Range to reproduce from the entries below: the line with "phgalaan's tweet photo.", the line with "Image of Anthemis tinctoria specimen.", and every line in between. Give them exactly and give nothing else.

**DATA RECORDS**:
◇ ◇ ◇ ◇ ◇ ◇ ◇

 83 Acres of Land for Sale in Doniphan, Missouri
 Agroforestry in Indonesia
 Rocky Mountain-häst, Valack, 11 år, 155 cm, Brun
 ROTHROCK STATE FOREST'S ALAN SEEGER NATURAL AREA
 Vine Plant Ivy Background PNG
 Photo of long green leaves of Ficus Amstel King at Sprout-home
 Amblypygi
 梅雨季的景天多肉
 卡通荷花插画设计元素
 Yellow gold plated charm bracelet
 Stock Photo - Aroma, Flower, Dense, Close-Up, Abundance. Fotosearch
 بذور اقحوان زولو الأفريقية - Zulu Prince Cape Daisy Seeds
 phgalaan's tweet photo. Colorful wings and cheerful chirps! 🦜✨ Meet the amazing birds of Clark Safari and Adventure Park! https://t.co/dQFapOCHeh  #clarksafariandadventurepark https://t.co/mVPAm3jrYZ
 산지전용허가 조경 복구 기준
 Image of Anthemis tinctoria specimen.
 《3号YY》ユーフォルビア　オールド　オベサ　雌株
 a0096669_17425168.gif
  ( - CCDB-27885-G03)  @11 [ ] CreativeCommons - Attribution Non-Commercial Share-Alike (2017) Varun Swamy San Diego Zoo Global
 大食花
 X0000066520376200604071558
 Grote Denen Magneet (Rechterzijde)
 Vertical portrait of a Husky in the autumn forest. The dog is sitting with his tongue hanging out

◇ ◇ ◇ ◇ ◇ ◇ ◇

**RESPONSE TO THIS EXERCISE**:
 phgalaan's tweet photo. Colorful wings and cheerful chirps! 🦜✨ Meet the amazing birds of Clark Safari and Adventure Park! https://t.co/dQFapOCHeh  #clarksafariandadventurepark https://t.co/mVPAm3jrYZ
 산지전용허가 조경 복구 기준
 Image of Anthemis tinctoria specimen.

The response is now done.